Question

Centrifuge Index creation issue

0

Entering edit mode

8 months ago

skbrimer ▴ 740

Greetings Hive mind!

I'm trying to build a newer index for Centrifuge (the downloadable one is out of date by 4 years) and I'm running into a memory issue. The input file for the complete archea, bacterial, and viral refseq index is 171GB which means I would need like... 600 -700 GB of RAM to index. Currently I do not have access to a cloud solution (i.e. EC2). Since I do not have the needed RAM, I decided to chunk out the input file in to smaller files with at most 1000 fastas each.

My question is, if I run all the individual chucks and create all the FM Index files, can I combine them into just the 4 expected files? If I understand correctly the FM index would concatenate all the seqs as one seq and then index it. So I'm not sure if I combine multiple indexes it will still work.

I tried to feed the small chunks to centrifuge using a quick bash loop, but it overwrites the previous index when I try that way.

Any thoughts on this process will be greatly appricated.

Thank you, Sean

EDIT 19AUG24 Code used I used, in an attempt to feed Centrifuge chunks of the reference file.

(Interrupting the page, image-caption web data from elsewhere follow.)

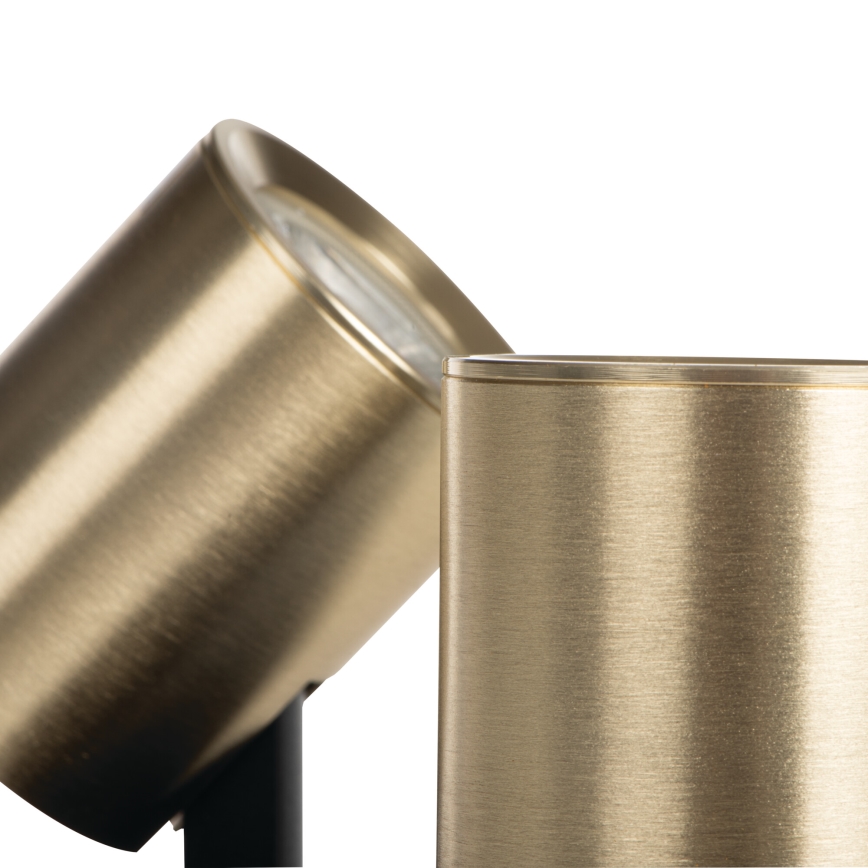 Спот LAURIN 3xGU10/10W/230V месинг/черен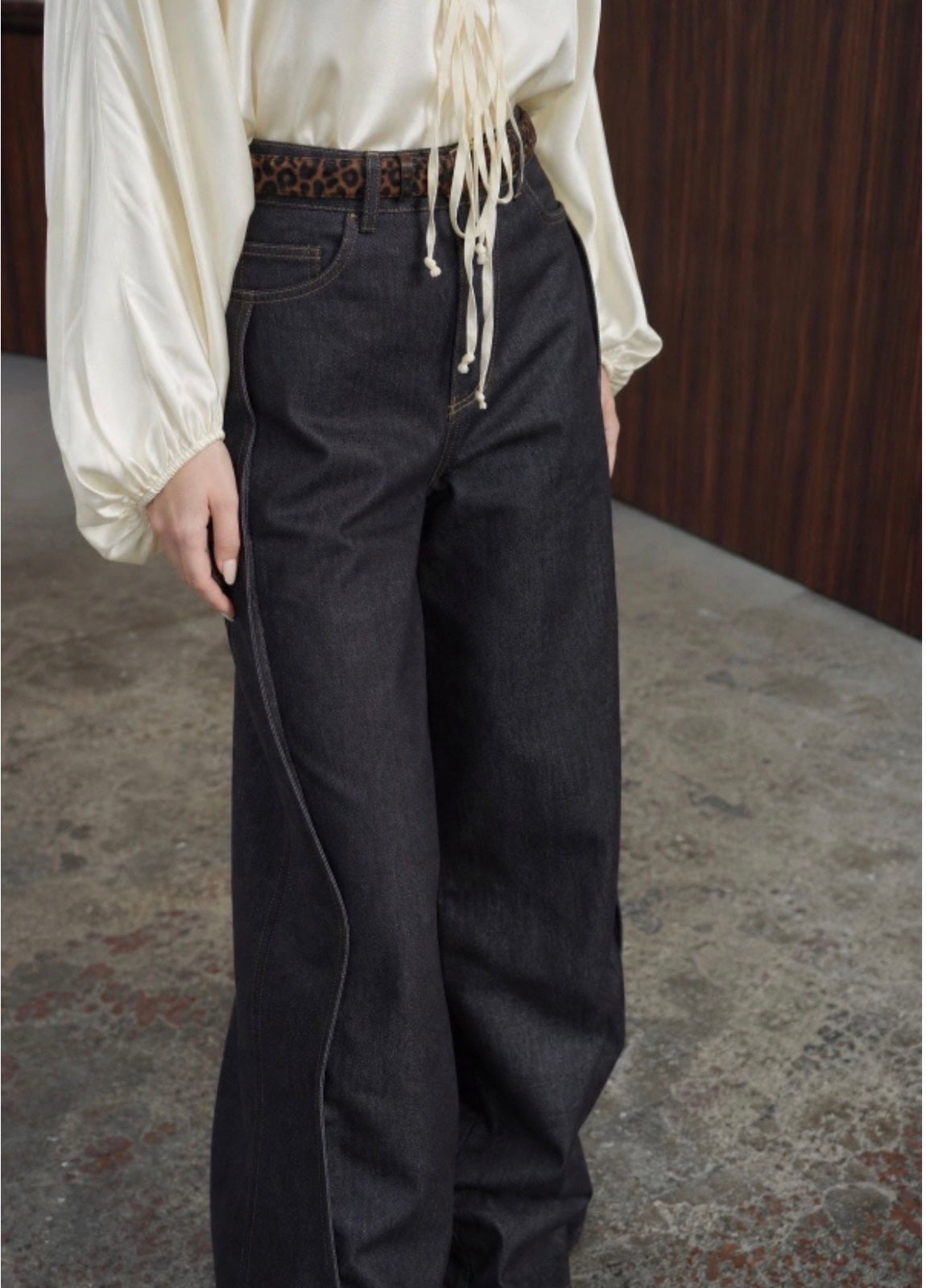 Lumina Wide Leg Jeans – High Waist
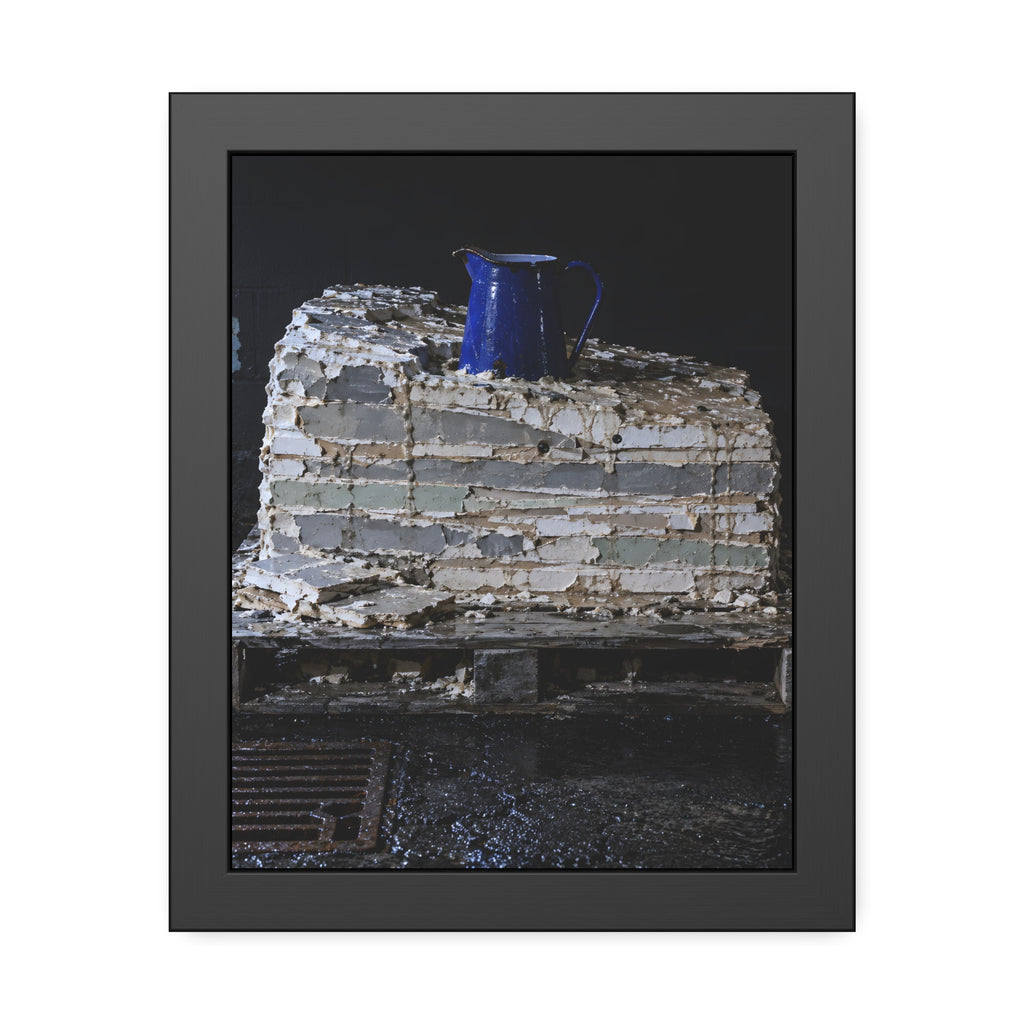 "The Jug to Its Shoulder": A Garabaggio Framed Print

for i in group*.fa do; centrifuge-build -p4 --conversion-tabel seqid2taxid.map \
                                                          --taxonomy-tree taxonomy/nodes.dmp \
                                                          --name-table taxonomy/names.names.dmp \
                                                          $i abv; done

metagenomics centrifuge • 986 views

ADD COMMENT • link 8 months ago by skbrimer ▴ 740

0

Entering edit mode

please post the script code so that other users can help and debug it

ADD REPLY • link 8 months ago by 1769mkc ★ 1.3k

0

Entering edit mode

Hi, thank you for reading this and replying. I understand why my code was not working how I had hoped. My question is more on if I make an index from all the groups and then concatenate them together would it still work?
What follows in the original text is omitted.